Figuring it Out

Last time we spoke, I was a bit more than mad. Some might say I ventured into angry territory. Which I really try not to be when it comes to sports but honestly I can not help it. They pissed me off.

Since then, I have relaxed a bit. Quite truthfully, it seemed like every team I ever actively chose to root for was trying to get me to quit this blog all at once. Make sure I was so mad I gave up my fandoms & never turned on a game or race again. Sadly, for everyones sake, I am still here, typing away while watching this Eagles v. Chiefs match up.

This weekend was actually quite a nice turn around from whatever special form of torture the last few weeks were.

Tottenham has been off to quite a solid start this season. We have only conceded one goal so far & I’m very much wanting this to mean that our defense is finally figuring it out. 4 matches in & I hope that we continue with this momentum & stay healthy.

Although I previously stated (quite strongly) my extreme dislike for college football week 2. Alabama did win & they won week 3 as well. Sometimes a win is a win no matter who you play & how ugly it might look in the process (looking at you my OSU fans). A win can do wonders for the confidence of players & I really need these last 2 weeks to be not just because we played not good teams but because we are determined to be a competitive force the rest of the season.

Guys, I’m not going to lie to you right now. My one fantasy team? Trash. Just bare minimum playable. Looking for a clean zero win season. That’s the goal for the one that I wrote about in the Draft Day blog. I was thrown into another league with my friends boyfriends family (I think). I adore my line up with them. Y’all, not to flex on you too much but, I really ate it up.
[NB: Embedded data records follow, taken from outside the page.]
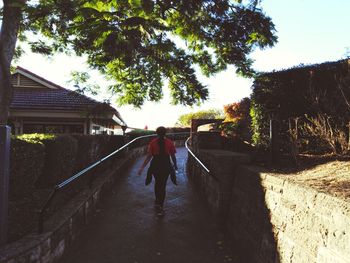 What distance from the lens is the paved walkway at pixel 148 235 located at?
15.3 ft

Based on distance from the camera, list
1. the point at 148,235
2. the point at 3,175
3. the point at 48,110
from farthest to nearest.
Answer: the point at 48,110 → the point at 148,235 → the point at 3,175

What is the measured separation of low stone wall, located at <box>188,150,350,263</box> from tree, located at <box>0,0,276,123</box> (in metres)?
3.49

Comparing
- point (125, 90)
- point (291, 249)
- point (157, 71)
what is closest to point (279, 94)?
point (291, 249)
Truthfully, I think the reason why I am feeling so content this week is because there was no Formula One on to make my blood boil. After messy races like Monza, there is nothing I love more than having a week off. This gives the teams time (I am looking at you McLaren) to regroup and drivers time to reset if they mentally come out of the weekend in tough shape. Sometimes a week off as a fan is what I need to get reset too. Clearly. I wondered why I was so at peace this weekend? Then, I realized as I sat down to write it was because I wasn’t getting enraged by 20 men driving in really fast cars in foreign countries. So, with a race weekend coming up, let’s put out into the universe that I keep my cool. (Or, even better, that they don’t do anything to make me want to rage throw my tv into the Hudson)

I’m not going to lie, I was struggling to think of something to write today. (Editor Note during the final read through: I hated this post & almost deleted the whole thing but then remember the quote, make it exist then make it good, or something like that) It was a mix of writers block & then coming up with so many different options at once that I didn’t know what to choose.
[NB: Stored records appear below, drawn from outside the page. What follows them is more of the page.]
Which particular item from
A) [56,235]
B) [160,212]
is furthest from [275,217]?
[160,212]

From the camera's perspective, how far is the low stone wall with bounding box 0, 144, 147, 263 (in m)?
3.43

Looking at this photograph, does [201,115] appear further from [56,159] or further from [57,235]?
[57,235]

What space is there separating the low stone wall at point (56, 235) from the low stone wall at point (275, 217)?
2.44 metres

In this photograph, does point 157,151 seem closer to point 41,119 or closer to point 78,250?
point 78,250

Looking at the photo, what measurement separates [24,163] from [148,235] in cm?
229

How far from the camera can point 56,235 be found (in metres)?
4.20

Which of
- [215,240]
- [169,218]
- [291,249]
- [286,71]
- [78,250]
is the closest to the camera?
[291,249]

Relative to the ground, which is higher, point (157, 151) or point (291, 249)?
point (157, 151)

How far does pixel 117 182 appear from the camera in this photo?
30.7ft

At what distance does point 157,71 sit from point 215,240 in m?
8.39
There is so much that I would love to discuss & it’s clear based on my notes app on my phone. I have so many random lists & thoughts just sitting & I sometimes find it hard to articulate them on a broader scale.

Sometimes, I really think that the blog is just me shouting into the void & that it’s ramblings of someone who needs to be evaluated psychologically. I have found myself trying to figure out where exactly I would like this to go like what the plans are for the future. I am feeling very spacey at the moment. But at the heart of this blog it’s me thinking out into a larger space that isn’t confined by my gorgeous curly hair (shoutout Riri’s genetics for that). So really, I want to say thank you for sticking with me while I figure it all out. I just really this to be consistently amazing & continually growing.

Okay, I’m magnificently sleep deprived & need to stop looking at this screen.

Talk soon.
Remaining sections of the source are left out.